Sembrano lontani, anzi lontanissimi, i tempi dei contrasti col suo storico mentore, quel Riccardo Piatti a cui vanno comunque attribuiti i giusti meriti per aver visto subito, in quel ragazzo gracilino che prometteva di diventare anche un campione di sci, un potenziale fenomeno con la racchetta in mano.
Il nuovo percorso intrapreso quasi due anni fa col team di Simone Vagnozzi, successivamente arricchitosi con la presenza di Darren Cahill, ha portato a Jannik Sinner dei miglioramenti incredibili sotto tutti i punti di vista: fisico, tecnico e di tenuta mentale.
Proprio qualche giorno dopo le straordinarie performances di Malaga, il 40enne coach di Ascoli Piceno era entrato in dettagli squisitamente tecnico-agonistici per spiegare il tipo di lavoro fatto col tennista altoatesino. Ma c’è dell’altro. C’è chi è andato a scovare nell’infanzia del fenomeno di San Candido e nel rapporto coi genitori per svelare dei segreti che nessuno conosceva.
Jannik Sinner, parla la mamma: spuntano particolari sconosciuti
Intercettata da Adnkronos, la signora Siglinde ha ripercorso le prime esperienze sul campo del figliolo, facendo anche un’ammissione che ha lasciato di stucco: “Sono felice per tutto quello che ha fatto Jannik ma preferisco non aggiungere altro“, ha esordito la mamma.
“Lo seguo quando gioca vicino casa, ma quando non posso essere presente sugli spalti spengo la televisione. Non ce la faccio a vederlo, mi viene una cosa qui…per me è troppo“, ha ammesso la donna. C’è da dire che lo stesso tennista altoatesino aveva già raccontato, qualche tempo fa, degli aneddoti riguardanti gli equilibri di famiglia. Un qualcosa di sempre molto difficile per un atleta che è andato via di casa relativamente presto.

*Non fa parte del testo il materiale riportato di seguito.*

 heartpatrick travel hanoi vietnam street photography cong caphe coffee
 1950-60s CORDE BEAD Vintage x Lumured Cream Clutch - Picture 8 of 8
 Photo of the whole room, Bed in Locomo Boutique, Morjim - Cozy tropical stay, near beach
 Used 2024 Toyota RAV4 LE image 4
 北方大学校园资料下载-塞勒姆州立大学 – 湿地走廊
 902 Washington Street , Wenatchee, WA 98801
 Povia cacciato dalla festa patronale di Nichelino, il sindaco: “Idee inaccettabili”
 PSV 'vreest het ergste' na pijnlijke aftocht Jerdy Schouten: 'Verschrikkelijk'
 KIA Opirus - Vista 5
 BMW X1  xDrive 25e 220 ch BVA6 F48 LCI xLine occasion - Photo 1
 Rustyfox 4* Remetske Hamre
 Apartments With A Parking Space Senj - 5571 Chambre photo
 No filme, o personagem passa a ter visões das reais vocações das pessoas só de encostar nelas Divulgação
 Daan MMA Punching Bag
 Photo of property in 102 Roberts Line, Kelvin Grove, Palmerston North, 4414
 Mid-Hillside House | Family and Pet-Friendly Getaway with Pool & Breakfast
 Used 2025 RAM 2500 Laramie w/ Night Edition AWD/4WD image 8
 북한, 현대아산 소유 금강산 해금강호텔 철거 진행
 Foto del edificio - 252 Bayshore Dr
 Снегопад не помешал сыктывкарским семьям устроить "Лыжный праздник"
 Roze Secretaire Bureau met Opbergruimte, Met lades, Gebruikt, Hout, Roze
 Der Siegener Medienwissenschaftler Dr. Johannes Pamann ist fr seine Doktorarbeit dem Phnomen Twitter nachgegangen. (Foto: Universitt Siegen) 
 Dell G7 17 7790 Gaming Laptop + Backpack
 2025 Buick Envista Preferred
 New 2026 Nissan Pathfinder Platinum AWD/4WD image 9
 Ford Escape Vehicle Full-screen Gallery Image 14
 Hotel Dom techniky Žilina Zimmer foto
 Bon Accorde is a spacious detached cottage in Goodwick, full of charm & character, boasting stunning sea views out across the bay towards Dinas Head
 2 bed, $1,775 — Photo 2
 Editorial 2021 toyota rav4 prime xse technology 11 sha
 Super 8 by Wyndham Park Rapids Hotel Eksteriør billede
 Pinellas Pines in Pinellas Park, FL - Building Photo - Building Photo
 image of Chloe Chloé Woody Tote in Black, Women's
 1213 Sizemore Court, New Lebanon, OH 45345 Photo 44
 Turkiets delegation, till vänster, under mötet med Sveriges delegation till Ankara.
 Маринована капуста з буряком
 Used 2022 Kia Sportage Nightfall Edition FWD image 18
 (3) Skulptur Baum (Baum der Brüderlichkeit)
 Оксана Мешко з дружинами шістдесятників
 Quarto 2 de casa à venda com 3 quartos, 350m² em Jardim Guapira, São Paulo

“Quando ero da solo a Bordighera, a 13 anni, li chiamavo perché avevo un po’ di nostalgia o, magari, perché ero un po’ triste se qualcosa era andato storto in campo. O se avevo perso una partita. Mamma mi diceva che doveva lavorare, e lì ho capito che i miei erano problemi relativi”, aveva dichiarato Sinner. Che, prima di essere un campione sul campo, è evidentemente un uomo che sa dare il giusto peso alle esigenze e ai problemi degli altri.